English.news.cn   2010-07-07 09:00:21 FeedbackPrintRSS

BEIJING, July 7 (Xinhuanet) -- China's biggest offshore wind farm started transmitting power to the national grid yesterday morning through a submarine cable, authorities said.

The Donghai Bridge Wind Farm off Shanghai's coast, consisting of 34 three-megawatt wind-driven generators, can fuel more than 200,000 city households.

The capacity of the wind farm was only 102 megawatts, less than 1 percent of the city's current total power capacity of about 18,200 megawatts from traditional fuel electric plants.

But Shanghai Electric Power Co Ltd, the city's power supplier, said it was a good start for the application of clean energy in Shanghai.

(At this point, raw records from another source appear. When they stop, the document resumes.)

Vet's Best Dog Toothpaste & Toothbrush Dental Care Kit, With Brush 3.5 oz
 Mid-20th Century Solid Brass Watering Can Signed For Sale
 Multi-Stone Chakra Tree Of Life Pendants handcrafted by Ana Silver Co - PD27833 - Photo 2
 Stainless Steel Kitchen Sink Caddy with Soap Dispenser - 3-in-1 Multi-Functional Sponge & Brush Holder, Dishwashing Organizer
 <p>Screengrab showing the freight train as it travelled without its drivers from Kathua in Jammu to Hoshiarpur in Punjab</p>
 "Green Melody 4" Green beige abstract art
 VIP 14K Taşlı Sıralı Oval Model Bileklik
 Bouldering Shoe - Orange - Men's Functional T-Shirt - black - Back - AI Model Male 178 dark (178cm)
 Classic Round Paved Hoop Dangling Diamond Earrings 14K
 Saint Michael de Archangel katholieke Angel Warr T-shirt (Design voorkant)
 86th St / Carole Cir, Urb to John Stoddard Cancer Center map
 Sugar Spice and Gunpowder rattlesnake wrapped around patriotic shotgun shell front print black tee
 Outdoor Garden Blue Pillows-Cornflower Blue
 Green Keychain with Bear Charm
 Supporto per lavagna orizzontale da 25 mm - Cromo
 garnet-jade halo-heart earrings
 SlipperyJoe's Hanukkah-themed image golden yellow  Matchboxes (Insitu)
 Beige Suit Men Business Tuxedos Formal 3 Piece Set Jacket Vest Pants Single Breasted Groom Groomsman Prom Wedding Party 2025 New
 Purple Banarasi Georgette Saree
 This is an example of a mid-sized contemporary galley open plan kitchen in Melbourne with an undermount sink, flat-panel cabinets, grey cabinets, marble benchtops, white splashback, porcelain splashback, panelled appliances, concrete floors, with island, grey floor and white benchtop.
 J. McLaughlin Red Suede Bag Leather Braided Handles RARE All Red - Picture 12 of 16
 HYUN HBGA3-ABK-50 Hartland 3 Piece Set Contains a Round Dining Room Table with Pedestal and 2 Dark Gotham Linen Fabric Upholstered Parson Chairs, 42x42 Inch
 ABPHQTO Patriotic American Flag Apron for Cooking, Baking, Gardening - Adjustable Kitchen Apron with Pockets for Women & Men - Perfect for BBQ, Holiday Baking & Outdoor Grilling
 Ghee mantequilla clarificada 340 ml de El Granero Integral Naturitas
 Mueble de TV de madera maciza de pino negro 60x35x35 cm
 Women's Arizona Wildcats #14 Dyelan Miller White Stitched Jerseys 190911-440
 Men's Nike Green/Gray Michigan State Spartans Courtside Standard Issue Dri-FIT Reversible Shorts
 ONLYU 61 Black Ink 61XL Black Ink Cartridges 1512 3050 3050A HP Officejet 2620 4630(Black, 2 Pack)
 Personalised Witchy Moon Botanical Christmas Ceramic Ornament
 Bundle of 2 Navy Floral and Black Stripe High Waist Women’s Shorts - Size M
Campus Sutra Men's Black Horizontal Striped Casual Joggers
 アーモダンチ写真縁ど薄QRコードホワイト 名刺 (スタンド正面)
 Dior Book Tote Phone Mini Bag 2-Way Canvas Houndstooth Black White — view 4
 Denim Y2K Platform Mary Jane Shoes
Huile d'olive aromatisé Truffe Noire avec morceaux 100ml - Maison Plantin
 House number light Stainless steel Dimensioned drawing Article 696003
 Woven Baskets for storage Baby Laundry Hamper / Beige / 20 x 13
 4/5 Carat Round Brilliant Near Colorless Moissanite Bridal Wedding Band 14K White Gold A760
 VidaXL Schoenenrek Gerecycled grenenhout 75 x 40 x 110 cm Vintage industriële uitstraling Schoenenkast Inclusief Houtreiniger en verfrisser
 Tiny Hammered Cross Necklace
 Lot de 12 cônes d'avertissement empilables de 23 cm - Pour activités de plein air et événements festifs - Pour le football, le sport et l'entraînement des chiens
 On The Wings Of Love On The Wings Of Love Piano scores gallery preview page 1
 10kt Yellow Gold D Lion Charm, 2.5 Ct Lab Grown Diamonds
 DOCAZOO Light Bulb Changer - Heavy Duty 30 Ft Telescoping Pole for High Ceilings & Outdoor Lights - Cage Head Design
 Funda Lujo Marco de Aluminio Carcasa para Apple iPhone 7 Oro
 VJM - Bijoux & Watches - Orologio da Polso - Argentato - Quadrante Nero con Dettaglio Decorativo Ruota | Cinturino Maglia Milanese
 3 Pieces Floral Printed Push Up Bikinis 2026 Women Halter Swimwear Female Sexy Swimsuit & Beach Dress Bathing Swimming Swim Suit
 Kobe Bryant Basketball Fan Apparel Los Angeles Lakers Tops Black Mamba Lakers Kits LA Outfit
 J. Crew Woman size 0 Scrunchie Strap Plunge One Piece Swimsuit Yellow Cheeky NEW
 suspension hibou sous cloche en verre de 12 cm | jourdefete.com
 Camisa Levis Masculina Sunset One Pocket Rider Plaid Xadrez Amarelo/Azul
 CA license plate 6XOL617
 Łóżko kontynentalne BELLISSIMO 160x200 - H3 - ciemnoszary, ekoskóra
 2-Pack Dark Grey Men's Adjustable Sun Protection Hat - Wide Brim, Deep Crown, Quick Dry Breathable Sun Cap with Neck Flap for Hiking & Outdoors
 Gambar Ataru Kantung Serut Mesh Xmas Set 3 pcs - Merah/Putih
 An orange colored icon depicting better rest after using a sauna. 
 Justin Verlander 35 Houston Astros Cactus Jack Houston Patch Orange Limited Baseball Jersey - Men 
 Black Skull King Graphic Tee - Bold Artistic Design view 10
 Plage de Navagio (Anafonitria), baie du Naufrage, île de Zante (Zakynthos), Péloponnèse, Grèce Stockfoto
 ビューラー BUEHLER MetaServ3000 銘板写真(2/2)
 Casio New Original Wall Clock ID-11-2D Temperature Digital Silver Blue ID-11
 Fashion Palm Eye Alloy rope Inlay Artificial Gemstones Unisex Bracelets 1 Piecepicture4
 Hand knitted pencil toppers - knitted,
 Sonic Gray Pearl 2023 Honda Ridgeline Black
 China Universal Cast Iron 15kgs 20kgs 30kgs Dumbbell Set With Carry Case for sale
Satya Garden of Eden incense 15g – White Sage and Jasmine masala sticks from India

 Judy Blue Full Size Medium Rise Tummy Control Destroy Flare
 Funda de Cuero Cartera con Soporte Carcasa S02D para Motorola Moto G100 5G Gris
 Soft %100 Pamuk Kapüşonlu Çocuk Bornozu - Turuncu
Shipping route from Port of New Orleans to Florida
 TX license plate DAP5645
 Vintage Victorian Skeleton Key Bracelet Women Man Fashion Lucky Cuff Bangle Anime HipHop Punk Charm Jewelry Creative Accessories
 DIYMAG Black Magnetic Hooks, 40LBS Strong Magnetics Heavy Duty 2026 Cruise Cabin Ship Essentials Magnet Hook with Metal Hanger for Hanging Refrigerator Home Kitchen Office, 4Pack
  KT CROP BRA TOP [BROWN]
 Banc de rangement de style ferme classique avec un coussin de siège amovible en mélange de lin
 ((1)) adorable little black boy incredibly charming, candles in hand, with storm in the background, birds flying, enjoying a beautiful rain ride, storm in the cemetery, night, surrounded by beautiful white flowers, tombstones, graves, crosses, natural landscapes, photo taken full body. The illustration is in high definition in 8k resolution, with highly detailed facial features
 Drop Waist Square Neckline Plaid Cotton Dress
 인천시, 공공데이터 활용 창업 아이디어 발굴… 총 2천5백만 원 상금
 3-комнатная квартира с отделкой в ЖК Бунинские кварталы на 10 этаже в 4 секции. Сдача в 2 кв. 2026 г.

"The operation of the Donghai Bridge Wind Farm provided good experience for the development of new energy," said Li Chonghe, vice general manager.

The company said that with the operation of the Donghai wind farm, the city could save about 86,000 tons of coal and reduce carbon dioxide by more than 234,700 tons every year.

Construction of the wind farm, located at the east side of the Donghai Bridge, was started in September 2008 and finished this February. Before operations officially started, the wind farm was on a trial run for more than a month, the company said.

The first batch of power generated by the wind farm is being transmitted to the World Expo site.

Meanwhile, construction of the Donghai wind farm's second phase has been approved for the west side of the bridge, authorities said. The total capacity of the second phase was also designed at about 100 megawatts, the company said.

The company said it plans to build another four offshore wind farms: one in the Pudong New Area, one in Chongming County and the other two in Fengxian District. The total capacity of wind power could reach 1,100 megawatts after the farms are finished.

The city's power capacity now amounts to 26,640 megawatts after including 8,440 megawatts brought in by the national grid from other provinces. Power demand is expected to peak at 26,000 megawatts during workday rush hours on extremely hot days this summer, officials said.